Но историческая реконструкция — это меньшая часть работы, которая там проведена. Перед нами поставили задачу сделать храм Христа Спасителя главным храмом Русской православной церкви. И она оказалась сложной — ведь объект должен был оставаться в своих исторических границах. Нас ограничивали перепад высот и фундамент Дворца Советов. Пришлось проработать массу вариантов, но в результате нам удалось воссоздать даже террасу, скрытую при строительстве фундамента дворца — она трансформировалась в стилобатную часть храма.
— Как восстанавливали убранство?
— Когда храм в 1931 году собрались взрывать, комиссары решили то, что может пригодиться, демонтировать. Часть мрамора пошла на отделку строящихся зданий. Доски с именами героев и перечислением полков защитников Отечества содрали, раздали их по баням — мылись на этих досках...
Счастье, что появились технические возможности разворачивания старых фотографий. Допустим, сохранилось фото какой-то церковной службы, человека на фоне храма, на заднем фоне — надписи, интерьеры. Вот эти детали буквально по крупицам вытаскивали из этих фото. Очень помогло, что мы нашли старые бухгалтерские книги, где были описаны все проплаты, произведенные при строительстве первого храма. Написано: бельгийский мрамор, заплачено 50 тысяч золотых. Так мы смогли составить для себя палитру использованных материалов. Ведь на картинке видно, что пол желтый, но из чего он? Оказывается, из определенного сорта конкретного камня. Это уже достаточно точная информация. Например, выяснили, что темно-коричневый камень, встречающийся на картинках в интерьерах в виде резьбы, — порфир.
— Отступлений от оригинала сделано много?
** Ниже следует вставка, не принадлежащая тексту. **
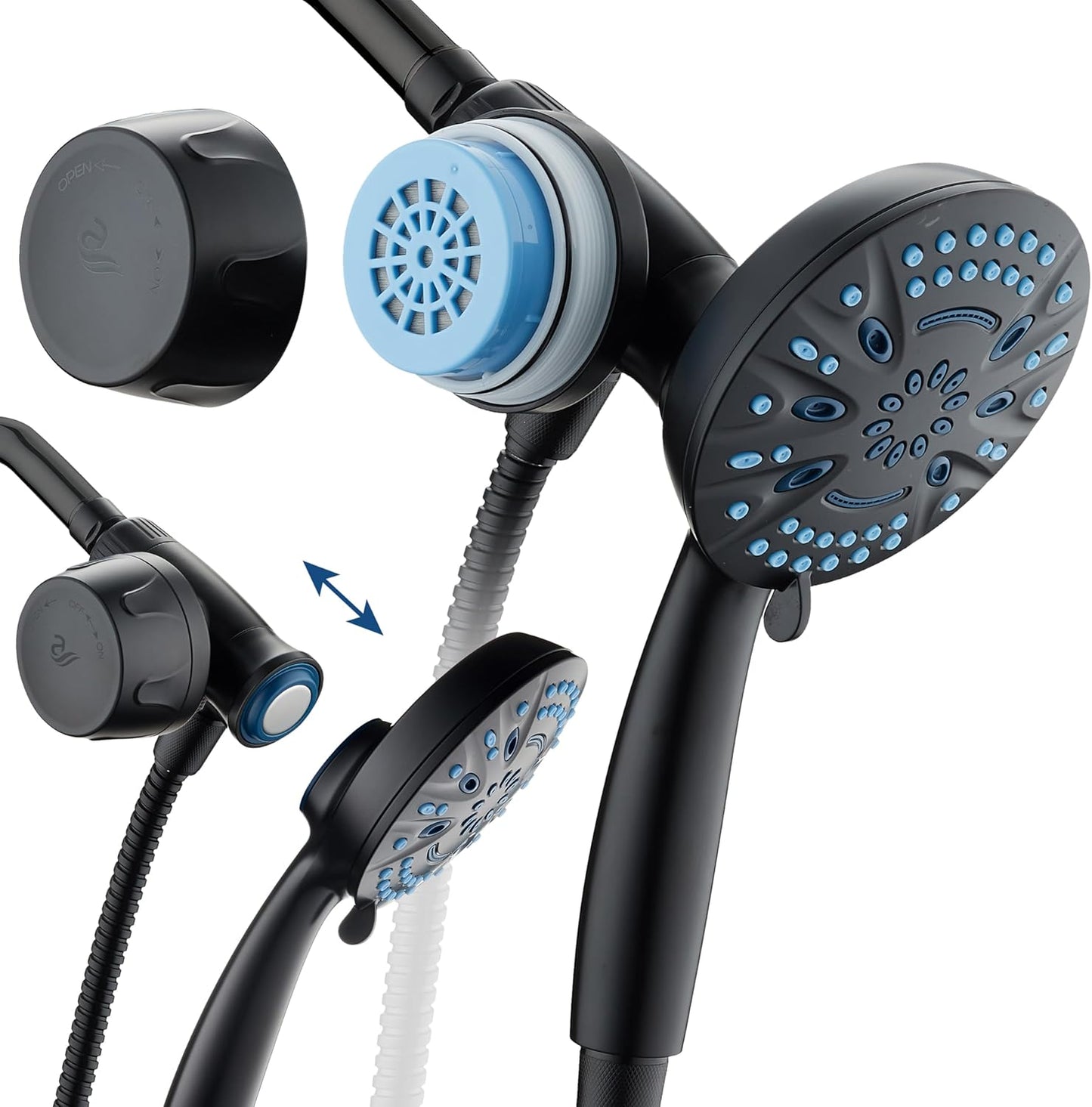 AquaCare Magneton 8-setting Magnetic Docking Hand Shower Review
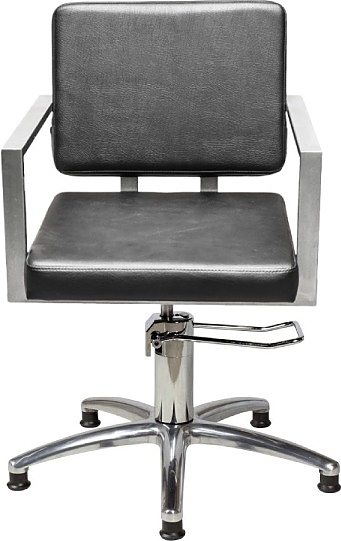 Кресло парикмахерское Имидж Мастер БРУТ I черное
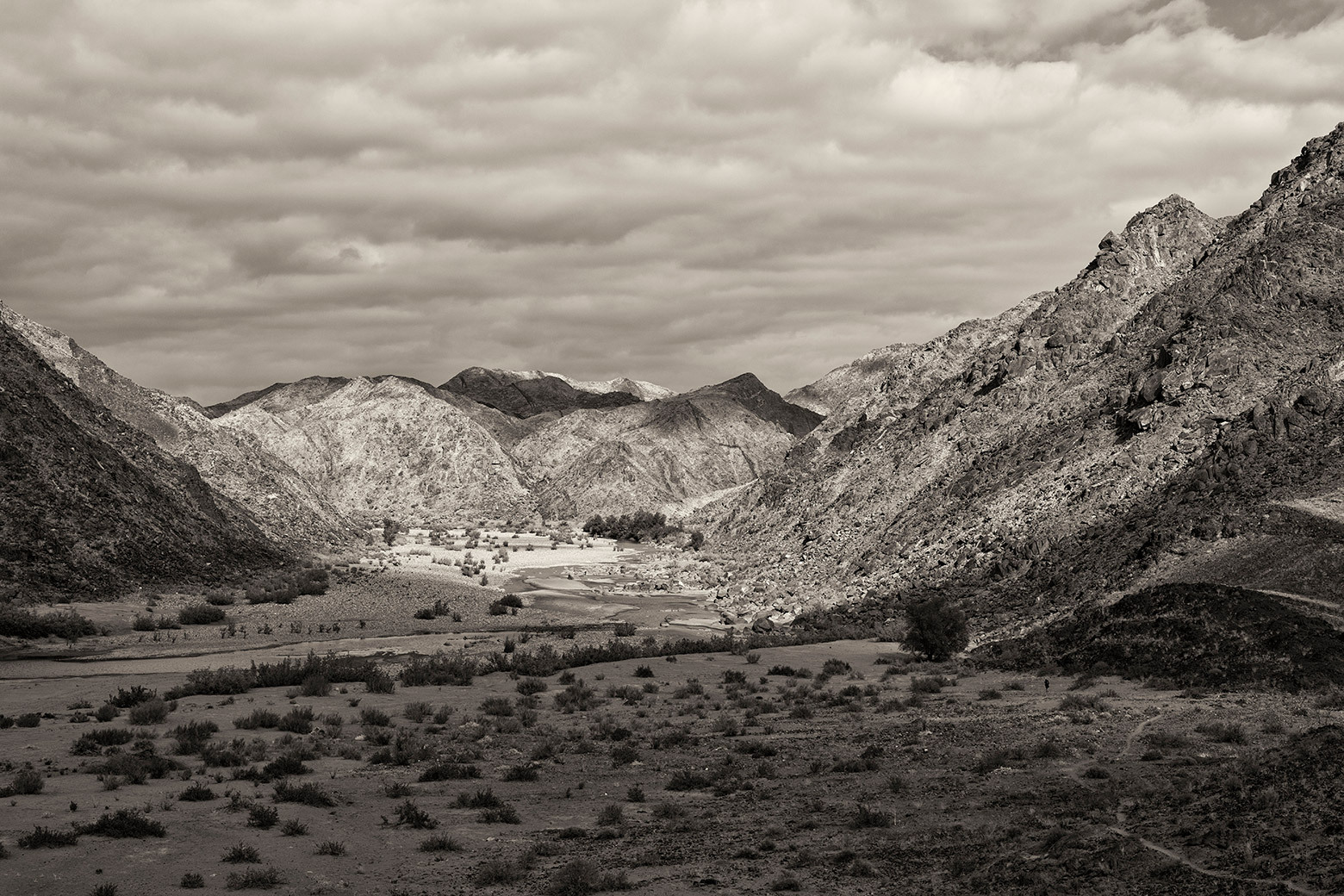 Fish River Canyon IV, Namibia, 2014
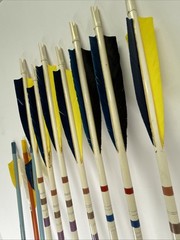 Browning Arrows, Lot 10 – 32.5in And 27.5in – With Carry Case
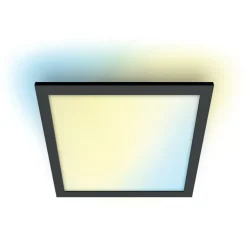 Outlet Superslim panel, justerbar hvid, sort, Indendørs Belysning|Led Paneler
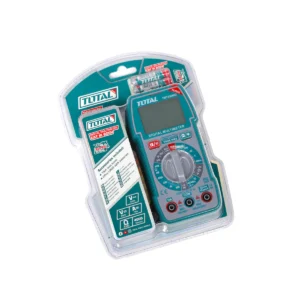Matës Rryme Digjital TOTAL TMT536002 – 600V (Multimetër Profesional)
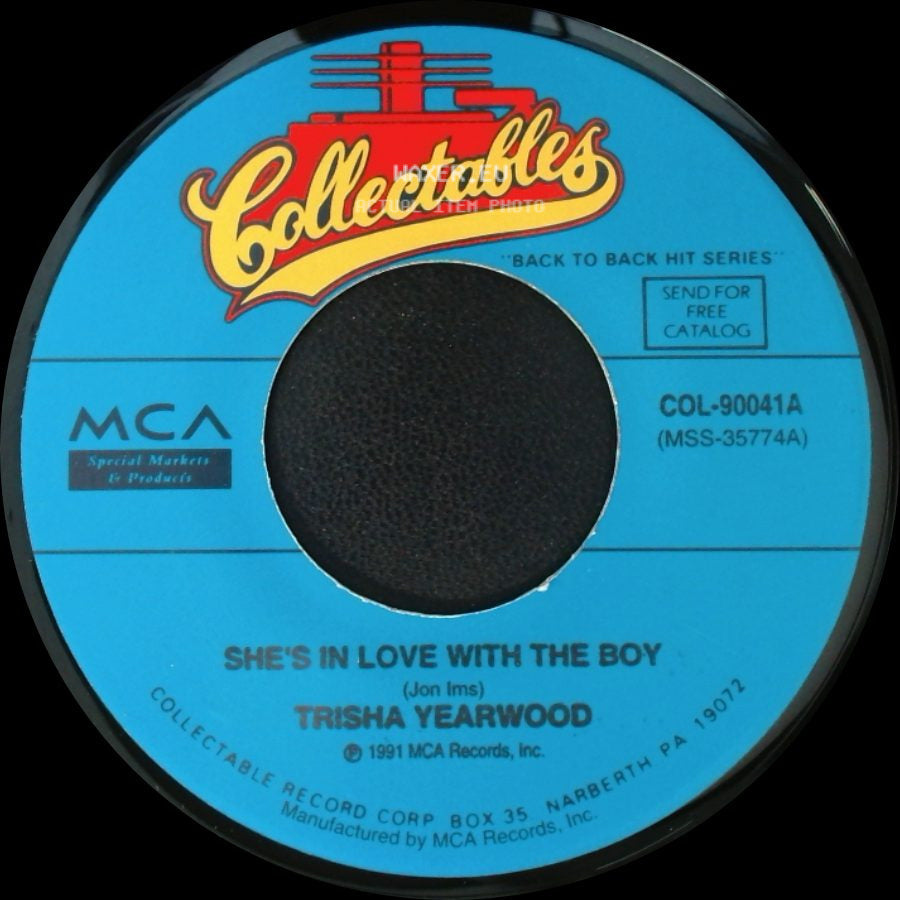 Trisha Yearwood - Victim Of The Game / She's In Love With The Boy side B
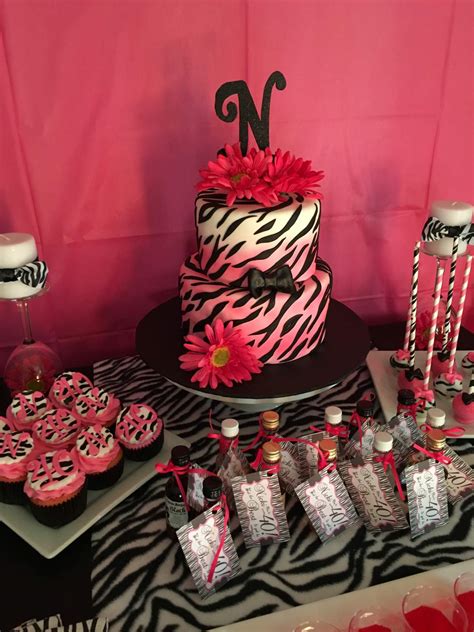 Zebra Birthday Party Ideas Photo 4 Of 12 Catch My Party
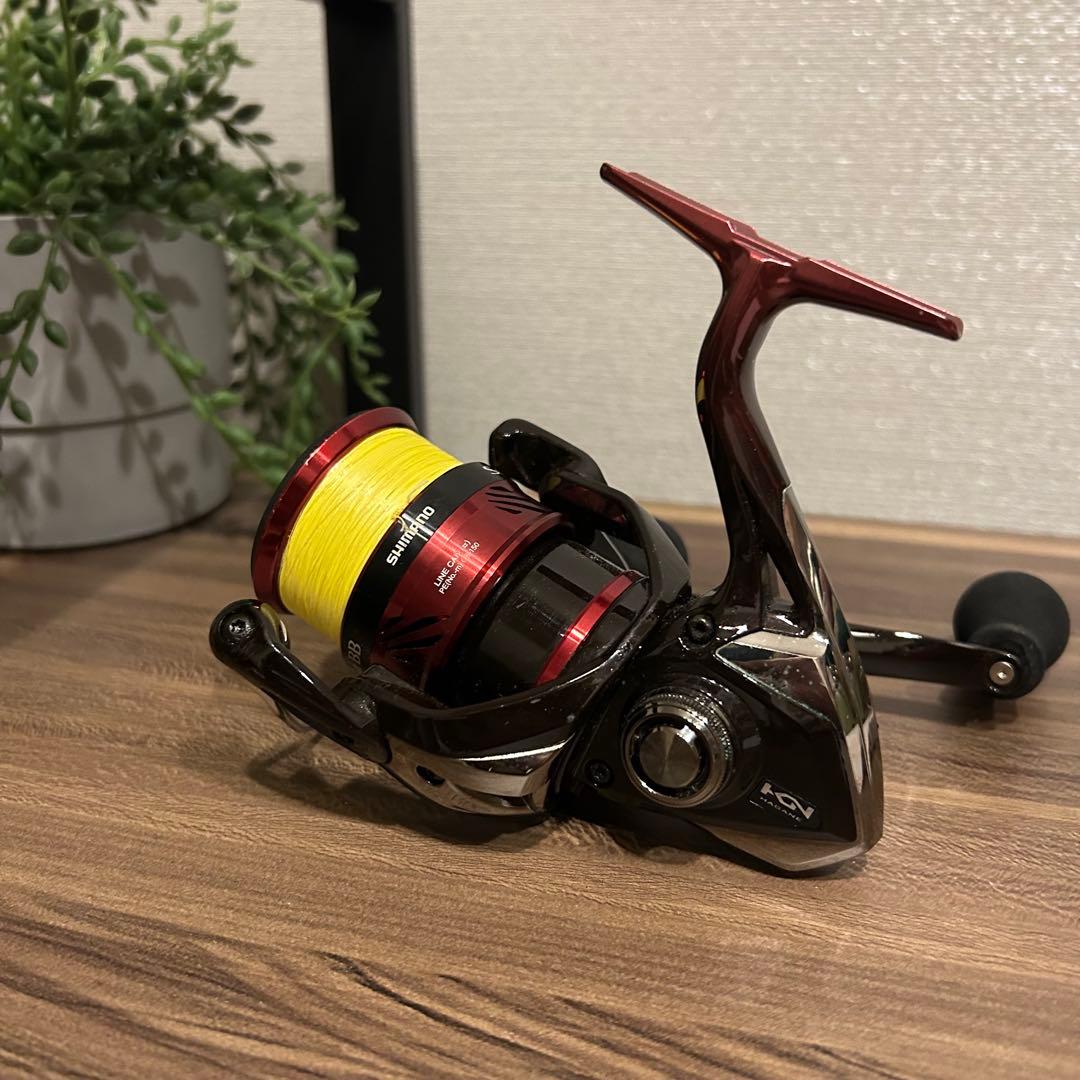 ✨美品✨SHIMANO/シマノ/ 18セフィアBB/C3000S DH/エギング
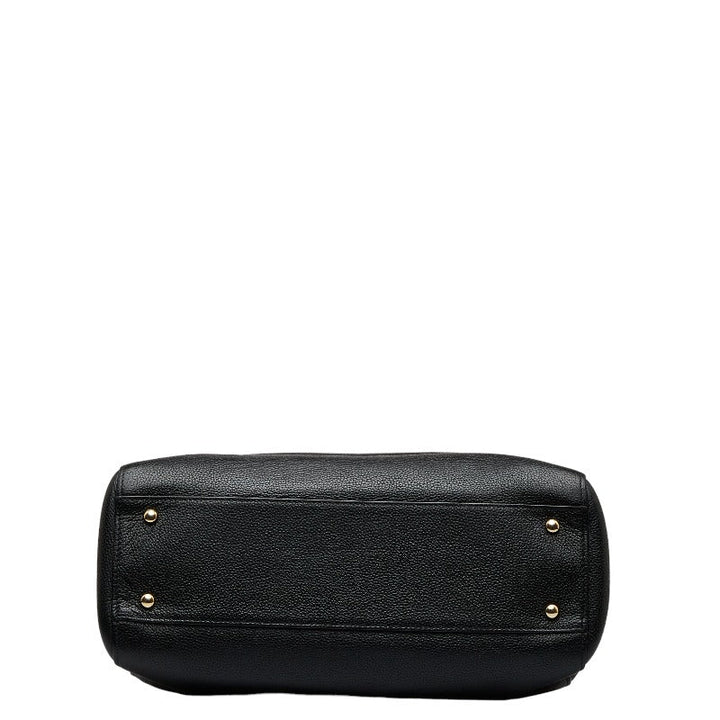 Top Quality Chanel Neo Executive Tote Handbag Shoulder Bag Black Caviar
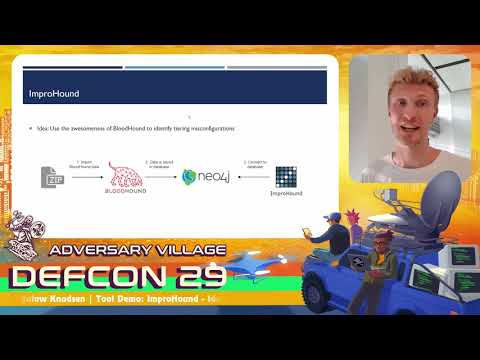 DEF CON 29 Adversary Village - Jonas Knudsen -Tool Demo: ImproHound   Identify AD Tiering Violations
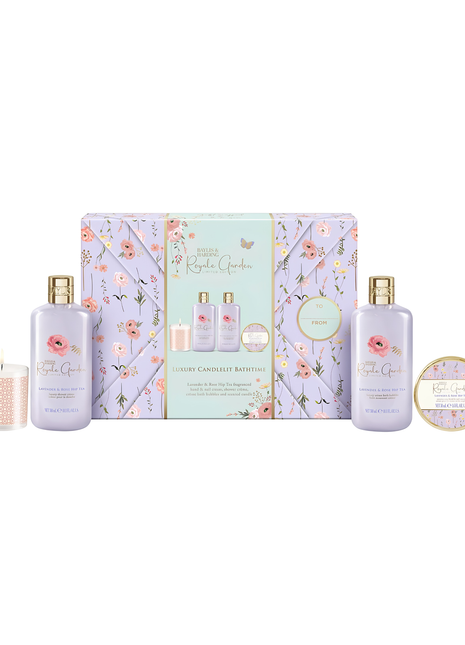 Baylis & Harding Royale Garden Limited Edition Luxury Candlelit Bathtime
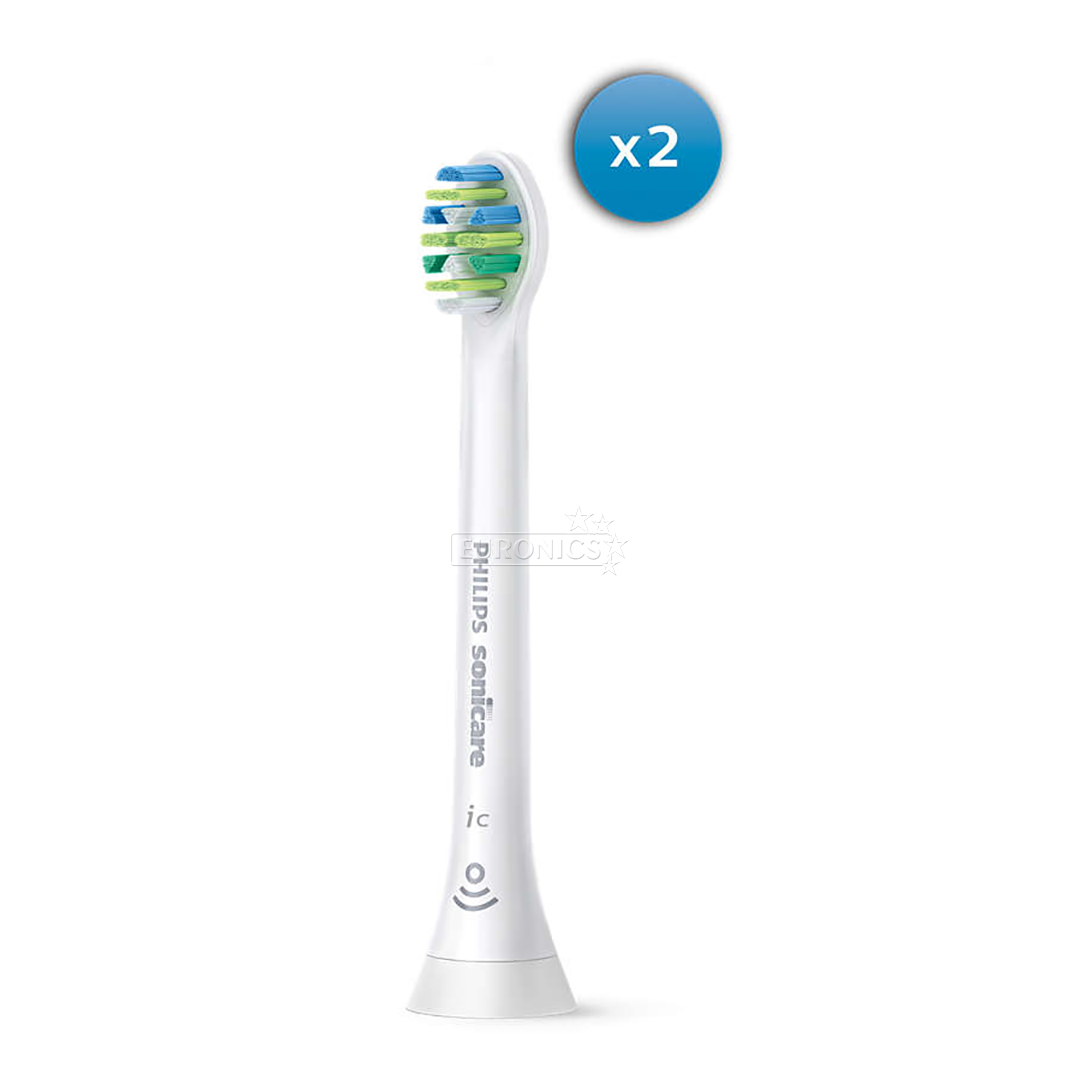 Philips Sonicare ic Intercare, 2 шт., белый - Насадки для зубной щётки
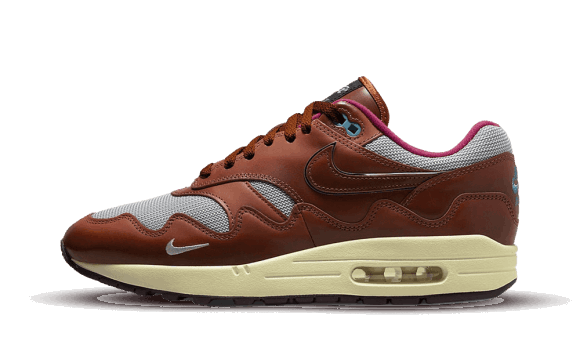 Fyll På Med Nike Air Max 1 Patta Waves Mörkruset (utan Armband)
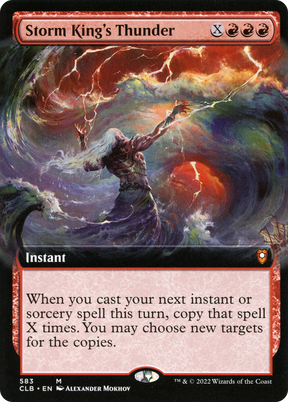 Magic: The Gathering - Storm King's Thunder Foil - Commander Legends: Battle for Baldur's Gate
— Кое-что пришлось сделать потому, что невозможно понять, как было в оригинале. А что-то делали осознанно. Ведь это было новое строительство, в ходе которого можно благодаря современным технологиям создать качественно иное здание. Раньше здание представляло собой довольно плохое — инженерно слабое — сооружение. В нем постоянно мокла живопись — на что, по свидетельствам историков, жаловались сами живописцы. Сегодня это сооружение с точки зрения инженерии и конструкции гораздо качественнее.
— Вы считаете этот объект главным в своей жизни?
— Да, хотя я разрабатывал проекты очень многих зданий в городе и за его пределами. Счет на сотни.
— Говорят, что на детях природа отдыхает, а вы — сын знаменитого архитектора — оказались весьма успешны в профессии. Ваш отец хотел, чтобы вы шли по его стопам?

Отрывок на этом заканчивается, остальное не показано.